Transcribe all the data below exactly, leaving its pictures out.

Dataset section ->
=== Begin Enclosure ===
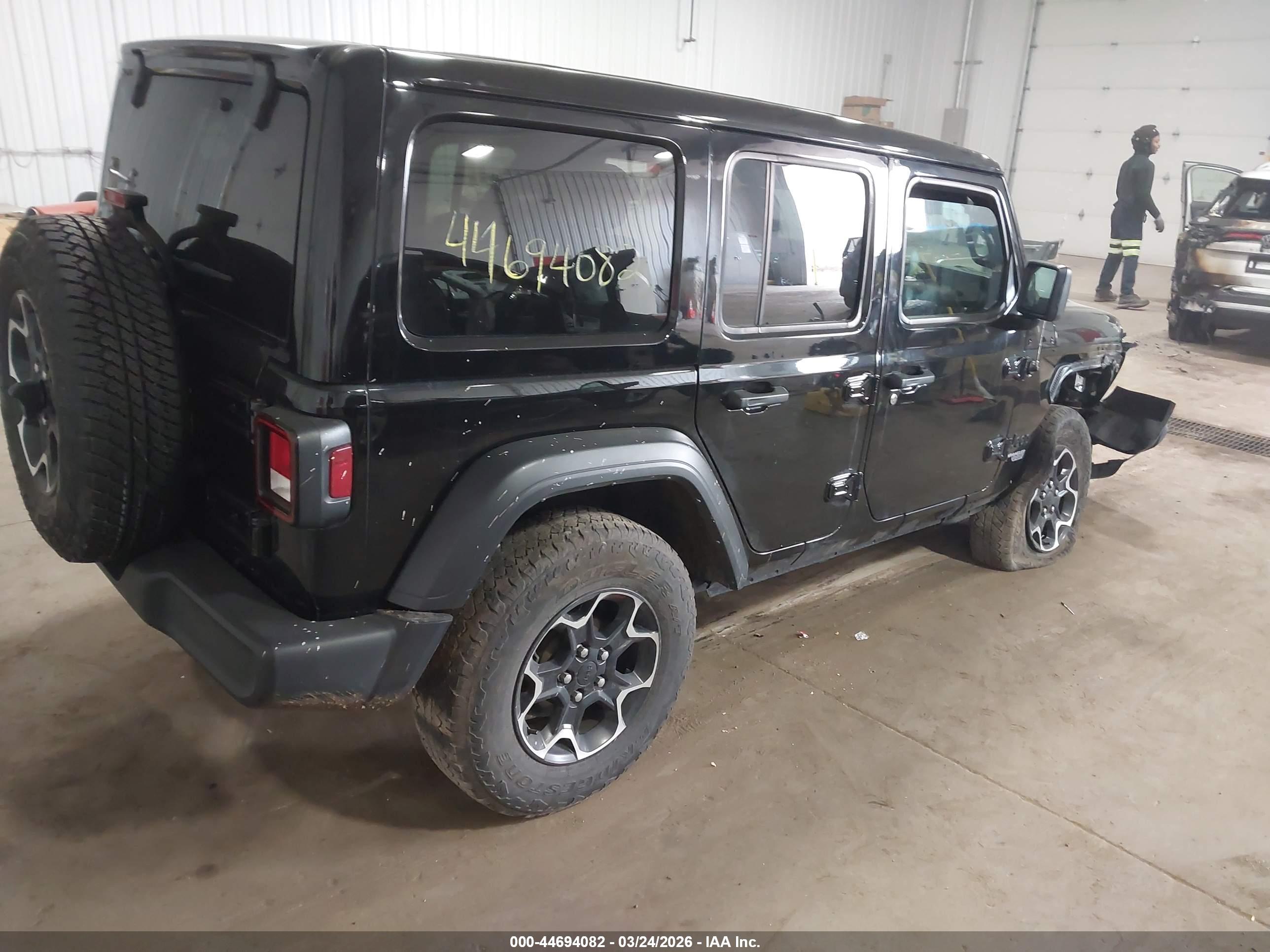 JEEP WRANGLER image 4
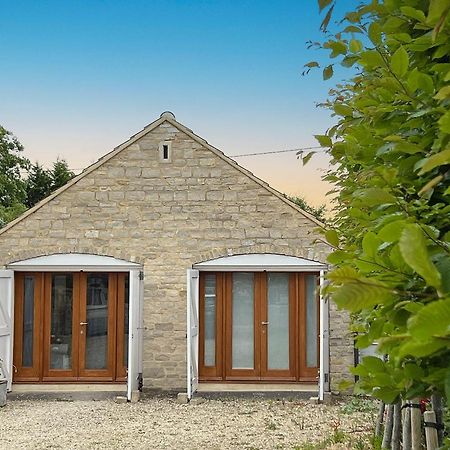 شقة Whitley Old Garage المظهر الخارجي الصورة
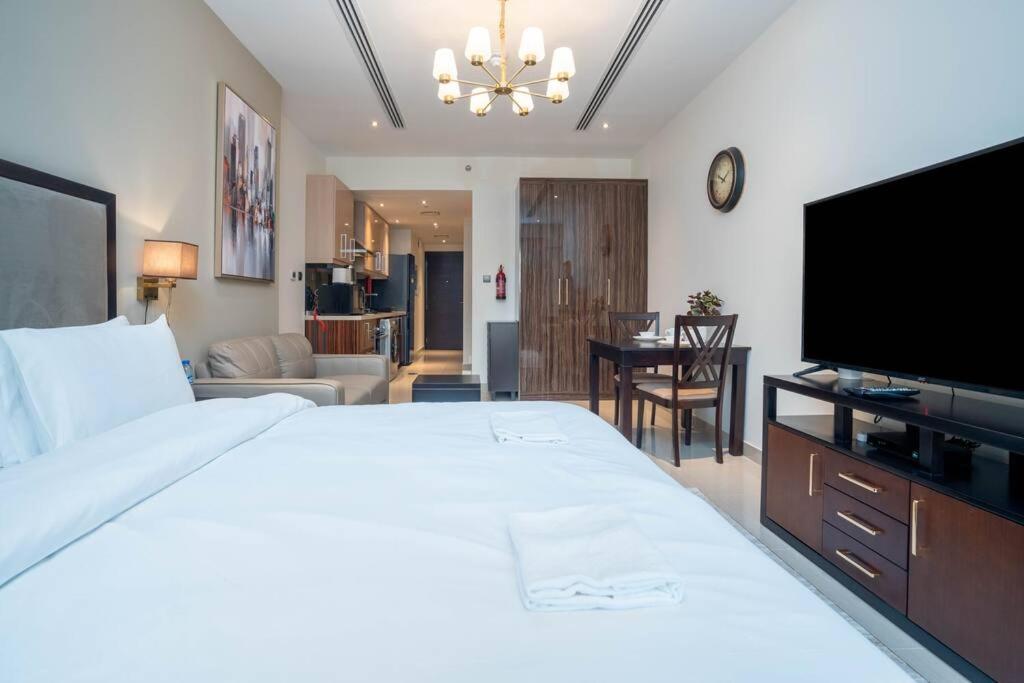 Jacuzzi, Pool And Gym - 5min From Burj Khalifa Appartement Dubai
=== End Enclosure ===
Response below ->
 JEEP WRANGLER image 4
 شقة Whitley Old Garage المظهر الخارجي الصورة
 Jacuzzi, Pool And Gym - 5min From Burj Khalifa Appartement Dubai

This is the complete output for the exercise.